(DATA PROVIDED Opens)

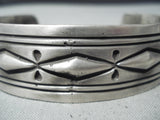Exceptional Vintage Navajo Sterling Silver Bracelet Native American Old-Nativo Arts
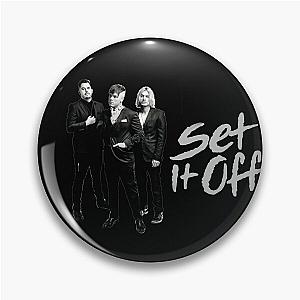 Set it off band black and white group photo Pin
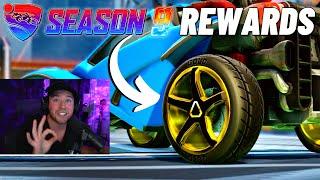 *NEW* THESE ARE THE BEST SEASON REWARDS WHEELS EVER!! Rocket League Season 9 Ranked Rewards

(DATA PROVIDED Closes)

### TASK OBJECTIVE
Return all of the material precisely as written. No picture belongs in it.

### THE ANSWER
Exceptional Vintage Navajo Sterling Silver Bracelet Native American Old-Nativo Arts
 Set it off band black and white group photo Pin
 *NEW* THESE ARE THE BEST SEASON REWARDS WHEELS EVER!! Rocket League Season 9 Ranked Rewards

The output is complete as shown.